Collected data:
═══

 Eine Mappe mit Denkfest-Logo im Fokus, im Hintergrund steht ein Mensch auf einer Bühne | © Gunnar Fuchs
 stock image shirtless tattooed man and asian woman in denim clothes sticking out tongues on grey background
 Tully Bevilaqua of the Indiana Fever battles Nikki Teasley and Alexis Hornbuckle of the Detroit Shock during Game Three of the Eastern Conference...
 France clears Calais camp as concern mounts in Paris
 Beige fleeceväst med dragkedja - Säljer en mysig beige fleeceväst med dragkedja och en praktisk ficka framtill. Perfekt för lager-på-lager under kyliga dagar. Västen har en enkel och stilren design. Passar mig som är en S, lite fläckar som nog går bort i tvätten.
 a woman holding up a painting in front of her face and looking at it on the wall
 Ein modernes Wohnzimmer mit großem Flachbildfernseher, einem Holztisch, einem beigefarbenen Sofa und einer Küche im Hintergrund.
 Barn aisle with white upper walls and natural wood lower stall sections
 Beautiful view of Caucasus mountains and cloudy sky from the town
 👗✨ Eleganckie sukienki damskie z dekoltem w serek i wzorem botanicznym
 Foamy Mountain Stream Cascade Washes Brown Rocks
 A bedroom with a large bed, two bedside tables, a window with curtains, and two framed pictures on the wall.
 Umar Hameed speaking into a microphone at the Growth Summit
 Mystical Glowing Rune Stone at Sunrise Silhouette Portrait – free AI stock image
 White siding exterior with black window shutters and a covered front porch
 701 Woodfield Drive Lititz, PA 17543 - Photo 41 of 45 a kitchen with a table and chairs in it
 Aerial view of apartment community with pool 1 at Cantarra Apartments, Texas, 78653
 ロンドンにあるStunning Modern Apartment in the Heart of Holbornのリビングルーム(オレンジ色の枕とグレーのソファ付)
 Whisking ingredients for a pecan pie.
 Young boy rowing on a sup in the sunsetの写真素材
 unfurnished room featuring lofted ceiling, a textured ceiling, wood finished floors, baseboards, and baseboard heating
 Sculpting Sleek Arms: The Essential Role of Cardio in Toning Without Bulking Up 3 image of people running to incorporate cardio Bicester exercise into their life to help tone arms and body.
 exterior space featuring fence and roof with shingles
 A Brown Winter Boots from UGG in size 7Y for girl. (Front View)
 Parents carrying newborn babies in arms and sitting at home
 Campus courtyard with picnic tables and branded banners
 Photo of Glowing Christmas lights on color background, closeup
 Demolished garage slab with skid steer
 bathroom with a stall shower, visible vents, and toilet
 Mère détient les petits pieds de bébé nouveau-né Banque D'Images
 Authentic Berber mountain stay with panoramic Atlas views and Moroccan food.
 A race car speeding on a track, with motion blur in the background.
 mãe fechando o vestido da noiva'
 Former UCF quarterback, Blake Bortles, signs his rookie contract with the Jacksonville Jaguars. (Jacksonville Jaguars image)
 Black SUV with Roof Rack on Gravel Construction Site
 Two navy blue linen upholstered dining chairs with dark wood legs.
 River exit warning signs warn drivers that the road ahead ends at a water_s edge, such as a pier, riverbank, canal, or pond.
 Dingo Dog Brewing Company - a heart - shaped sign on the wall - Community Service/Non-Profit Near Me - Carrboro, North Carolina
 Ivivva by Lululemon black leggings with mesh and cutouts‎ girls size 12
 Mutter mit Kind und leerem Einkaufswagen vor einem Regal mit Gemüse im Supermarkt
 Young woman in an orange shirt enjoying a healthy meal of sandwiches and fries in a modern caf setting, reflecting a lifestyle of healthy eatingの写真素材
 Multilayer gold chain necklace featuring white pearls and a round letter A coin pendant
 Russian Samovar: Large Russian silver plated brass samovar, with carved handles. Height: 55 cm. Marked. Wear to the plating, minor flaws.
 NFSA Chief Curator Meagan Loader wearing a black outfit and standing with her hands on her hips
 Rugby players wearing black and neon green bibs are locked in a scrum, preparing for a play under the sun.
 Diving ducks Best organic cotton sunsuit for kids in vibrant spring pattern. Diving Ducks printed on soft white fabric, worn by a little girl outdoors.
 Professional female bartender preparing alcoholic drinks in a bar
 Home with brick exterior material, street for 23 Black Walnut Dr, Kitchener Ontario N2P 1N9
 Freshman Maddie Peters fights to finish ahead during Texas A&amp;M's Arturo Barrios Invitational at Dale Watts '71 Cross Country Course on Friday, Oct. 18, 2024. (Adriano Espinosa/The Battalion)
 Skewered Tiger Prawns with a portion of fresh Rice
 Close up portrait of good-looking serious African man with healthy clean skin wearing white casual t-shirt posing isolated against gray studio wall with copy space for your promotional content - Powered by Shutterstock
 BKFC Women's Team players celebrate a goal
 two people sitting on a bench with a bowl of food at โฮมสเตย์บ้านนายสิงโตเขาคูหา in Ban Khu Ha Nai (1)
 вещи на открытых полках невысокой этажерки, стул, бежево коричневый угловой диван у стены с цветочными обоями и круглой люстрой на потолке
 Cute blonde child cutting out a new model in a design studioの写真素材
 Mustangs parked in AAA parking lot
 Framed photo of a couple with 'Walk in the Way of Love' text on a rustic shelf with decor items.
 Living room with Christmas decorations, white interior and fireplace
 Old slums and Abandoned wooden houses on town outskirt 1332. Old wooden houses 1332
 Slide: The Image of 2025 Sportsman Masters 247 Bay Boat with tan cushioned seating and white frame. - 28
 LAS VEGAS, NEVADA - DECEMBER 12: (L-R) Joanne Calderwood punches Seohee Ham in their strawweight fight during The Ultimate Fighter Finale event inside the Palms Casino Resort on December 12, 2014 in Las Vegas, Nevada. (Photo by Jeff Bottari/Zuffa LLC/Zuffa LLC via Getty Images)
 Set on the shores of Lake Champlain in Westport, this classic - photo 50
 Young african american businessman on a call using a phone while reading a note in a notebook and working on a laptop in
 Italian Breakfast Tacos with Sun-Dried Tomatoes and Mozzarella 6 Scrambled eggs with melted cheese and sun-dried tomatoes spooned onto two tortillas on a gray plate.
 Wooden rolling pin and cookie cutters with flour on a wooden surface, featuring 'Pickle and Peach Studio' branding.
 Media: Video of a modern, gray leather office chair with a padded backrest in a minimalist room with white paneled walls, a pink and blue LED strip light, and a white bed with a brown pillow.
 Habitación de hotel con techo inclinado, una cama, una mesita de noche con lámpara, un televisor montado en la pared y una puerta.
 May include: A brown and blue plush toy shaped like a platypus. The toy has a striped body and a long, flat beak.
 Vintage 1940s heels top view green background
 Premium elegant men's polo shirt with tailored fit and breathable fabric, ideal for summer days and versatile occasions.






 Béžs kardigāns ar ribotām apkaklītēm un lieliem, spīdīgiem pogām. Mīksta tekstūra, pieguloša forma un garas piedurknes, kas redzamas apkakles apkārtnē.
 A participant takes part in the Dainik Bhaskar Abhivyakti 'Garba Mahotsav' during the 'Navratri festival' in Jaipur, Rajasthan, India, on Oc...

═══

- TASK TO COMPLETE: Repeat every line exactly, starting with the first line of the entries, and stop once the line containing "a woman holding" has been given.

- ANSWER FOR THE TASK:
 Eine Mappe mit Denkfest-Logo im Fokus, im Hintergrund steht ein Mensch auf einer Bühne | © Gunnar Fuchs
 stock image shirtless tattooed man and asian woman in denim clothes sticking out tongues on grey background
 Tully Bevilaqua of the Indiana Fever battles Nikki Teasley and Alexis Hornbuckle of the Detroit Shock during Game Three of the Eastern Conference...
 France clears Calais camp as concern mounts in Paris
 Beige fleeceväst med dragkedja - Säljer en mysig beige fleeceväst med dragkedja och en praktisk ficka framtill. Perfekt för lager-på-lager under kyliga dagar. Västen har en enkel och stilren design. Passar mig som är en S, lite fläckar som nog går bort i tvätten.
 a woman holding up a painting in front of her face and looking at it on the wall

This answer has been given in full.